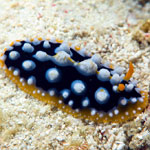 Phyllidia ocellata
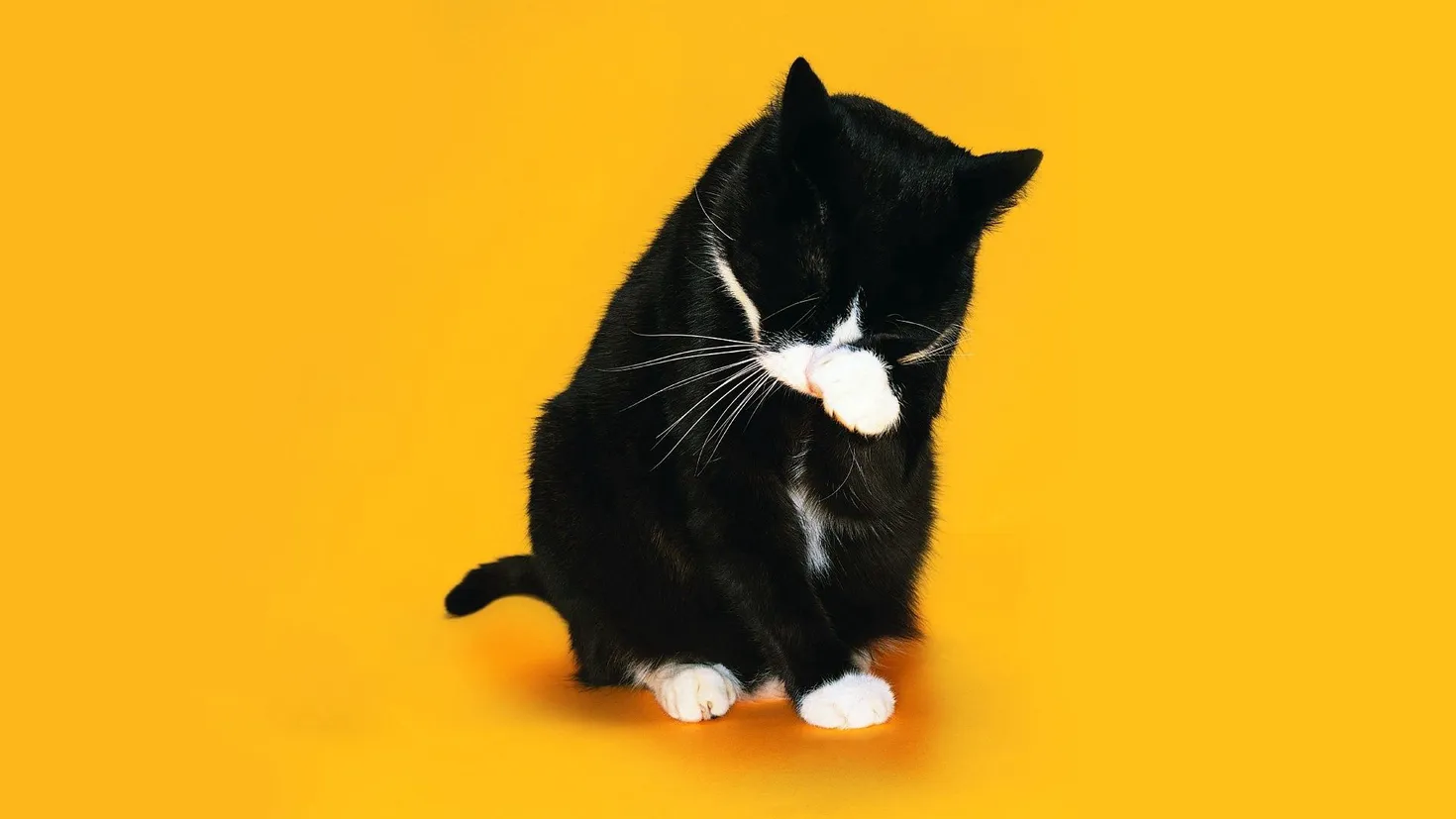 HDデスクトップ 壁紙: 猫, 唇をなめる, 動物, ネコ, 足, 銃口, ペロペロダウンロード無料画像 #118243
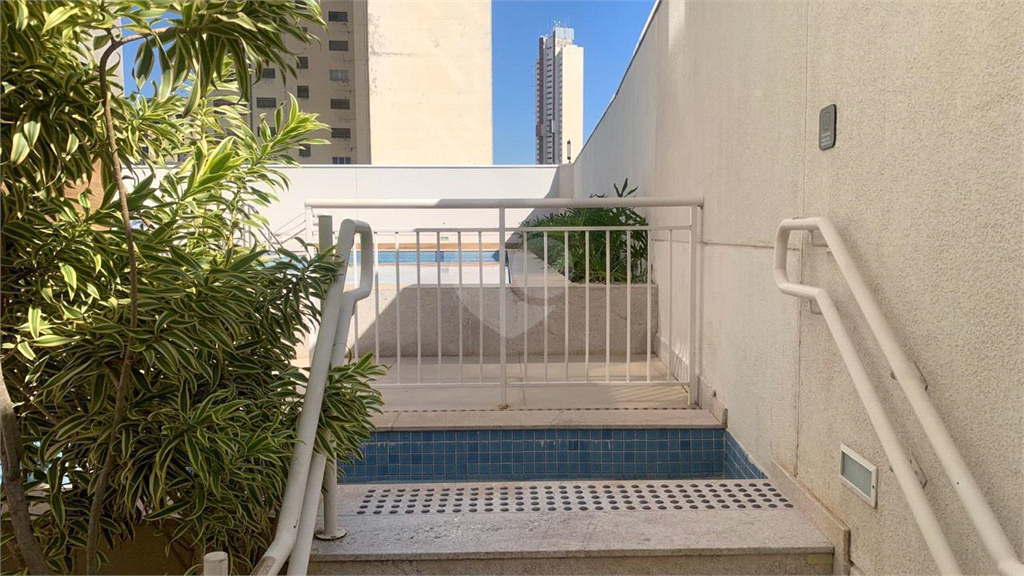 Venda Apartamento Campinas Centro REO1035016 33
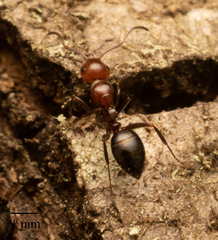 Camponotus lateralis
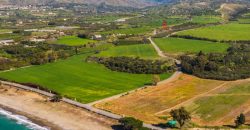 Paphos Argaka Plot For Sale MYM10228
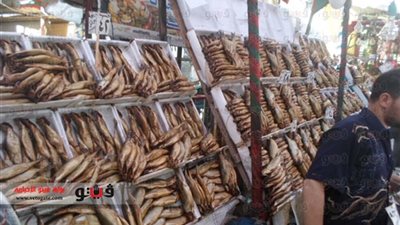 45 جنيهًا لكيلو البوري بالمنيا.. اليوم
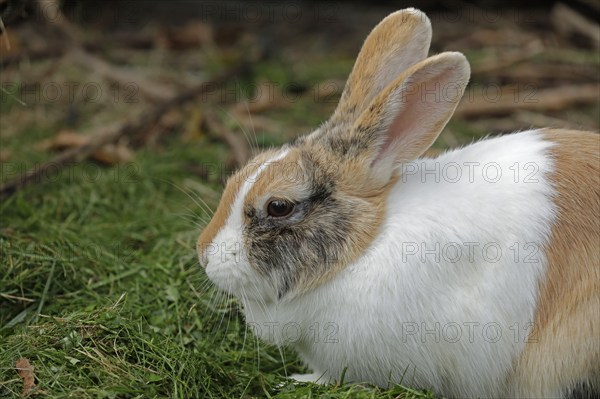 Dutch rabbit, Kiel, Schleswig-Holstein, Germany, Europe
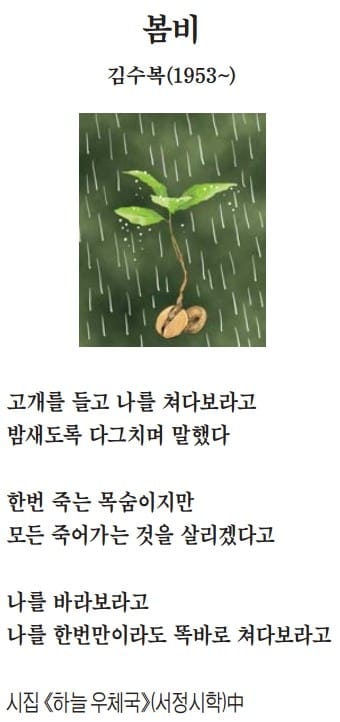 [이 아침의 시] 봄비 - 김수복(1953~)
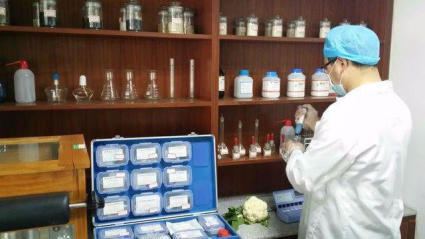 廣州農副產品批發市場 蔬菜配送服務助力酒店、學校與工廠需求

————————

» **WORK REQUEST**
Your answer should consist solely of the lines from the line with "HDデスクトップ 壁紙: 猫, 唇をなめる, 動物, ネコ, 足, 銃口, ペロペロダウンロード無料画像" to the final line of the listing, set down word for word, pictures omitted.

» **RESPONSE**
 HDデスクトップ 壁紙: 猫, 唇をなめる, 動物, ネコ, 足, 銃口, ペロペロダウンロード無料画像 #118243
 Venda Apartamento Campinas Centro REO1035016 33
 Camponotus lateralis
 Paphos Argaka Plot For Sale MYM10228
 45 جنيهًا لكيلو البوري بالمنيا.. اليوم
 Dutch rabbit, Kiel, Schleswig-Holstein, Germany, Europe
 [이 아침의 시] 봄비 - 김수복(1953~)
 廣州農副產品批發市場 蔬菜配送服務助力酒店、學校與工廠需求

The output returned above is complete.